> _TASK OBJECTIVE_: Write out again, word for word, the lines below from the line that holds "Pengamanan Ibadah Umat" through the line that holds "Mahogany veneer sideboard from the 60s", omitting pictures.

> _INFORMATION SUPPLIED_:
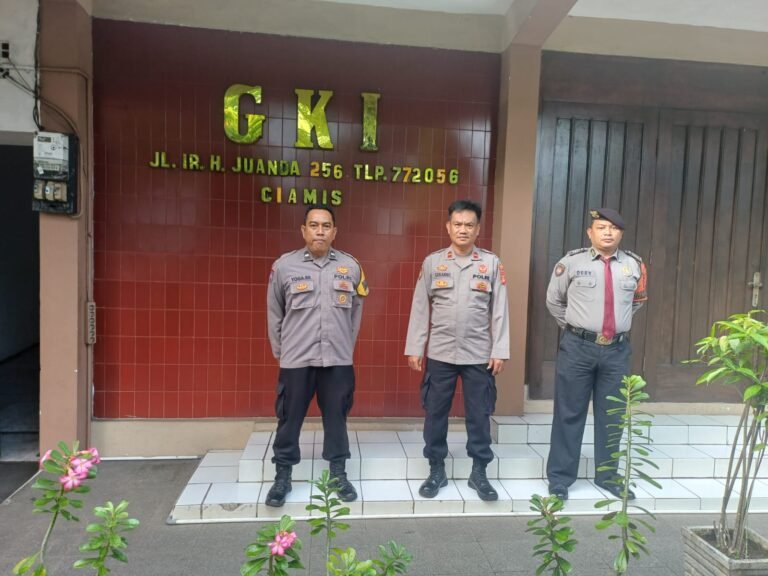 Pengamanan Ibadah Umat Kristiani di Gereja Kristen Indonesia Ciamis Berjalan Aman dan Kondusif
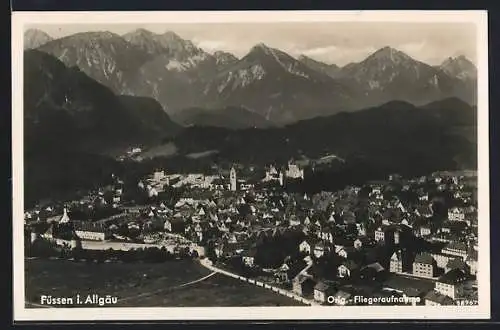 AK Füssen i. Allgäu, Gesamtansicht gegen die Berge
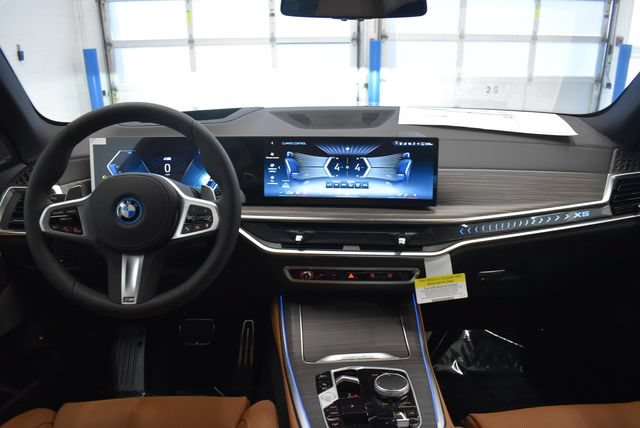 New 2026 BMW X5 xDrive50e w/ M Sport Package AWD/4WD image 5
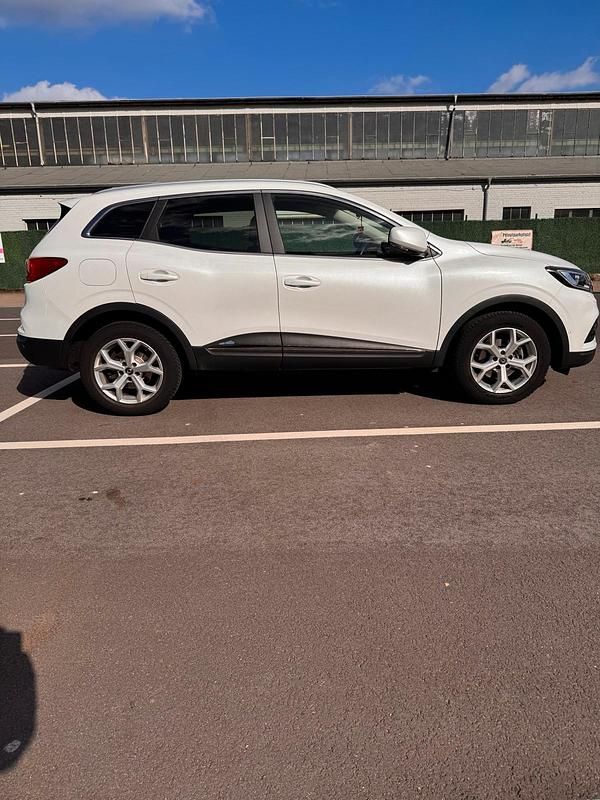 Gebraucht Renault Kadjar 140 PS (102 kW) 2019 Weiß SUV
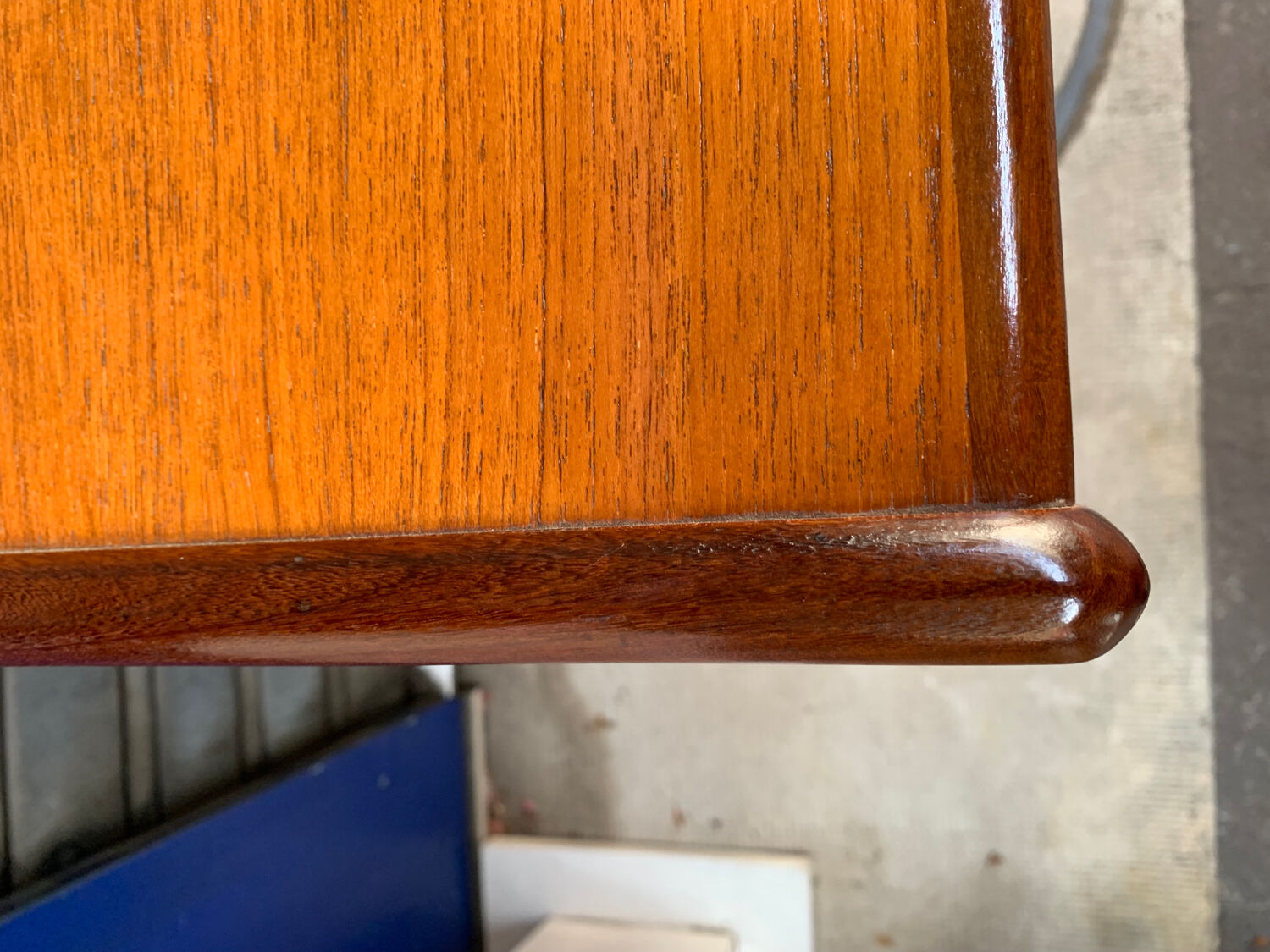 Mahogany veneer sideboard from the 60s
==
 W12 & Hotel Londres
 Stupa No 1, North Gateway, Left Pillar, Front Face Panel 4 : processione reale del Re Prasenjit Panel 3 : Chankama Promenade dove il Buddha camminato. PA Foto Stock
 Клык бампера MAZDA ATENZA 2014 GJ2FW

> _ANSWER FOR THIS EXERCISE_:
 Pengamanan Ibadah Umat Kristiani di Gereja Kristen Indonesia Ciamis Berjalan Aman dan Kondusif
 AK Füssen i. Allgäu, Gesamtansicht gegen die Berge
 New 2026 BMW X5 xDrive50e w/ M Sport Package AWD/4WD image 5
 Gebraucht Renault Kadjar 140 PS (102 kW) 2019 Weiß SUV
 Mahogany veneer sideboard from the 60s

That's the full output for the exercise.